AT&T questions government data credibility in antitrust trial
AT&T and Time Warner attorneys on Tuesday questioned the method and motivation behind a consulting firm’s research used as a key factor in the government’s lawsuit to stop AT&T and Time Warner’s merger.
Stefan Bewley, a director at the San Francisco-based consulting firm Altman Vilandrie & Company, was called to the stand by the Justice Department to discuss his firm’s research, which was conducted last year on behalf of Charter, a cable and broadband company that is publicly opposed to AT&T’s proposed $85 billion takeover of Time Warner.
The study was commissioned in November of 2016, about a month after AT&T announced the merger. It looked at many networks and included Charter’s potential subscriber loss if it were to lose Turner Broadcasting, a division of Time Warner that includes channels such as TNT, TBS and CNN.
The findings were also a key factor in the study conducted by U.C. Berkeley professor Carl Shapiro, who is serving as an expert witness for the government in the trial. Shapiro’s analysis found that a combined AT&T and Time Warner company could cause cable prices to increase by about 45 cents per month, per subscriber.

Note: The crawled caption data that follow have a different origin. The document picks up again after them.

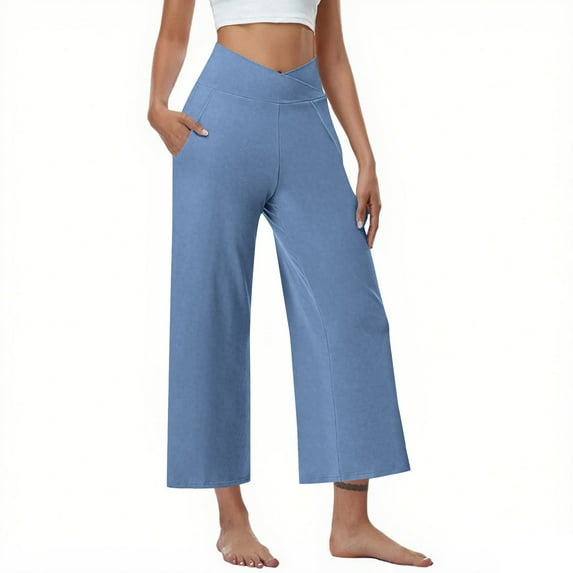 2025 Women's Pants Cross High Waist Wide Leg Lounge Cropped Pants Lightweight Casual Loose Yoga Trousers
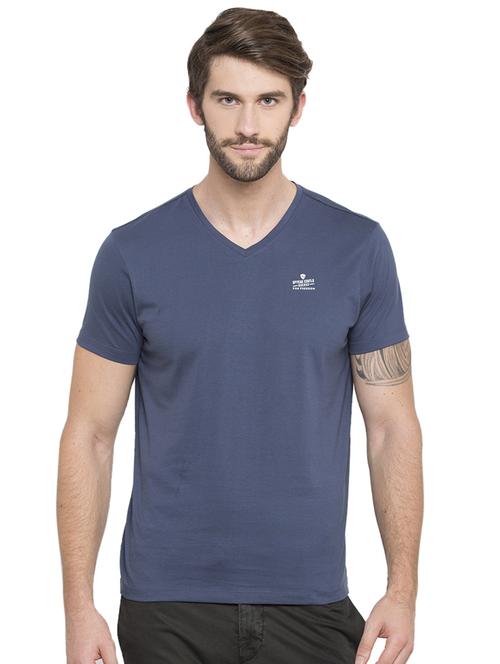 solid blue v-neck t-shirt - 15772903 - Standard Image - 0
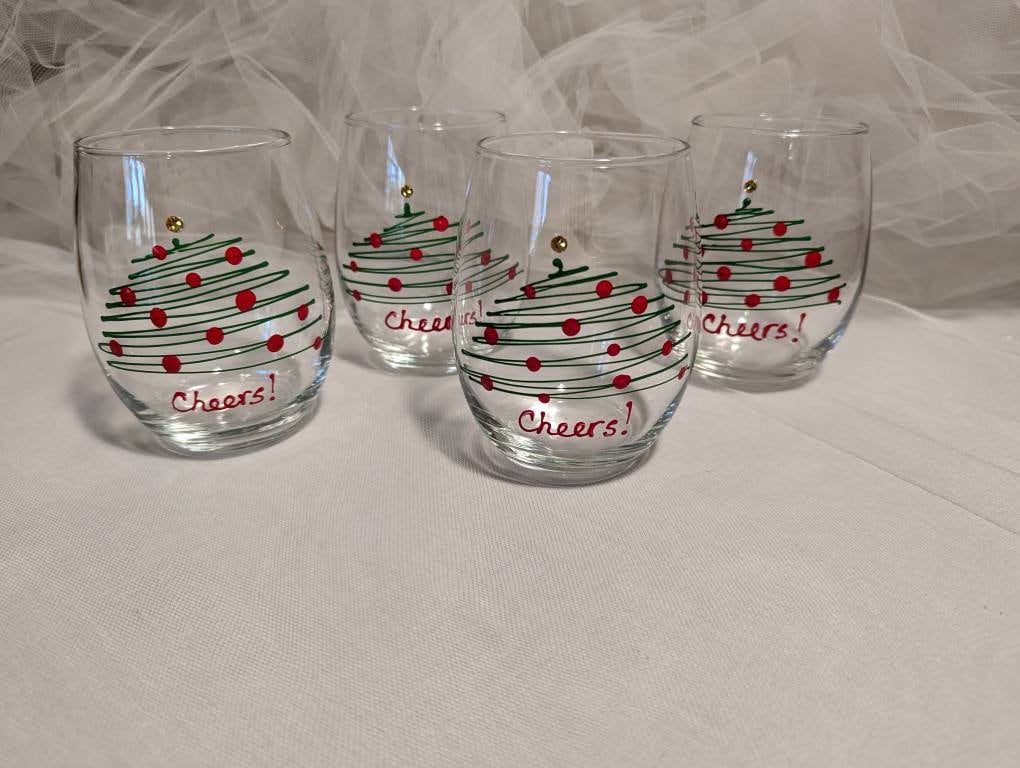 Multicolor 4-Piece Tree Stemless Wine & Water Glasses - Christmas Red Green  Silver, Perfect Holiday …See more Multicolor 4-Piece Tree Stemless Wine 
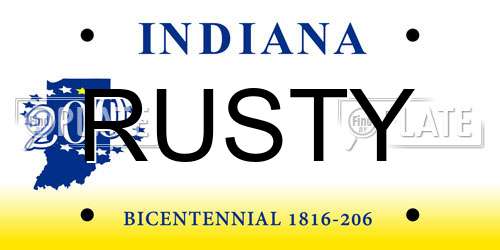 RUSTY Indiana License Plate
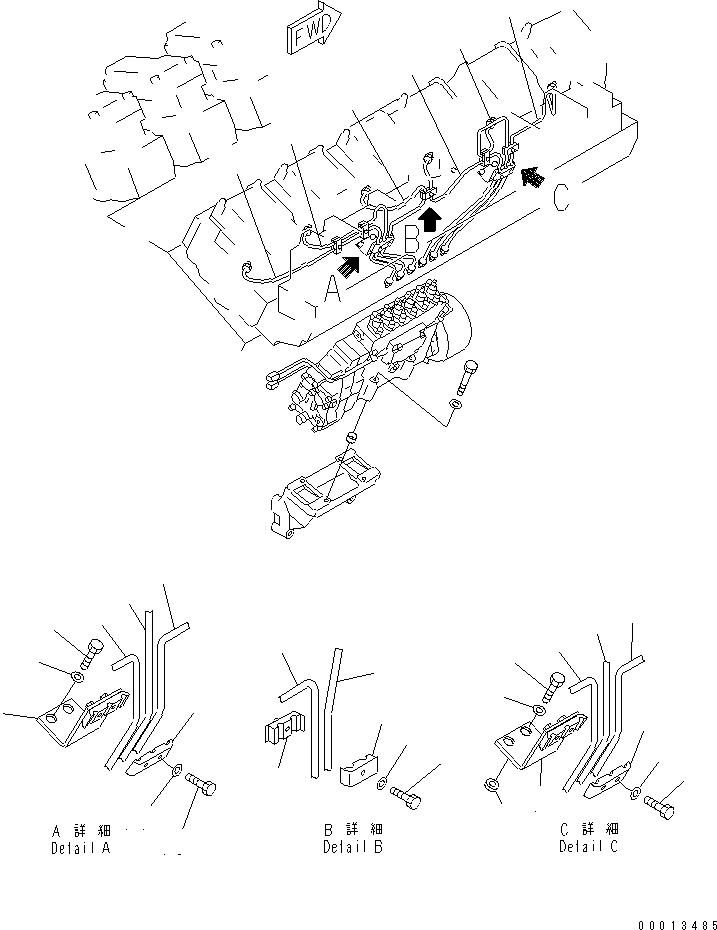 Схема запчастей Komatsu SA12V140-1Q-A - ТОПЛ. НАСОС ТРУБЫ (/) (ПРАВ. ГРУПП.) (ДЛЯ ЭЛЕКТРИЧ. РЕГУЛЯТОРА)(№-) ДВИГАТЕЛЬ
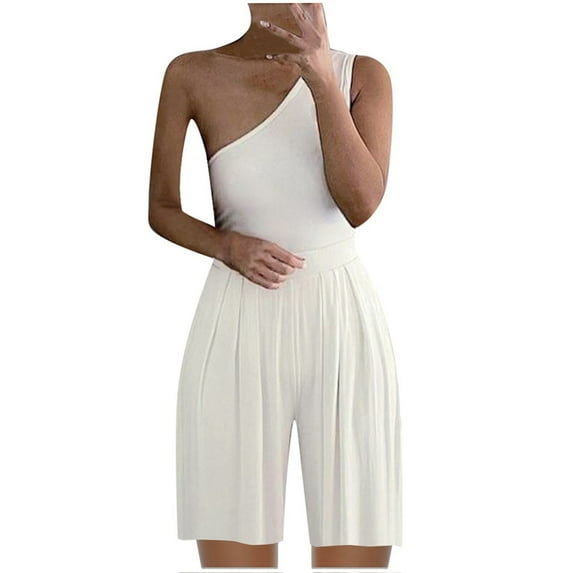 Fesfesfes Jumpsuit for Women Wide Leg Pants Polka Dot Striped Printed One-shoulder Shorts Jumpsuits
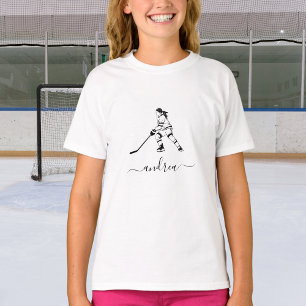 Girl Playing Ice Hockey Team Player Girly Name  T-Shirt
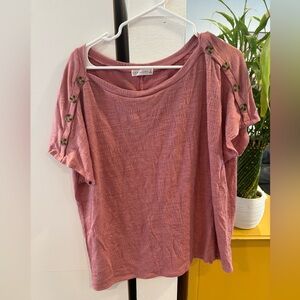 Women's Button-Shoulder Tee in Rose by Universal Thread
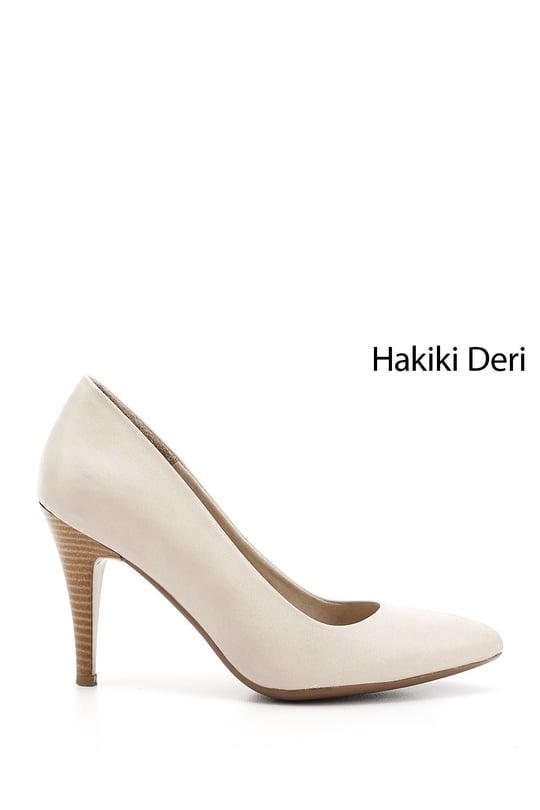 Kadın Bej Antik Sivri Burun İnce Topuklu Hakiki Deri Stiletto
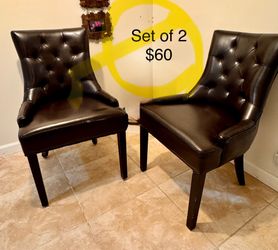 End chair faux leather - set of 2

Under direct questioning from Justice Department attorney Craig Conrath, Bewley said that his research found that Charter could suffer a 9% subscriber loss due to a Turner blackout — when a distributor drops access to a channel during carriage negotiations.
Using that 9% rate, Shapiro came to his conclusion about the price increase should the merger go through.
The government sued to stop AT&T’s bid to take over of Time Warner, CNN’s parent company, arguing that it violates antitrust law because the merger will raise prices for consumers and harm competition, like Charter, because AT&T would be able to withhold certain networks from its competitors as a negotiation tactic, and attract more customers to their services. AT&T has argued that prices would not necessarily go up, and that it would have no reason to keep its content from competitors because they’d then make less ad revenue. Attorneys for AT&T and Time Warner have argued that the acquisition is necessary for AT&T to compete with the likes of Facebook, Apple, Amazon, Netflix and Google, as those companies gain share in the content market. Government lawyers have argued that AT&T and Time Warner are not directly competing with those companies in the same way.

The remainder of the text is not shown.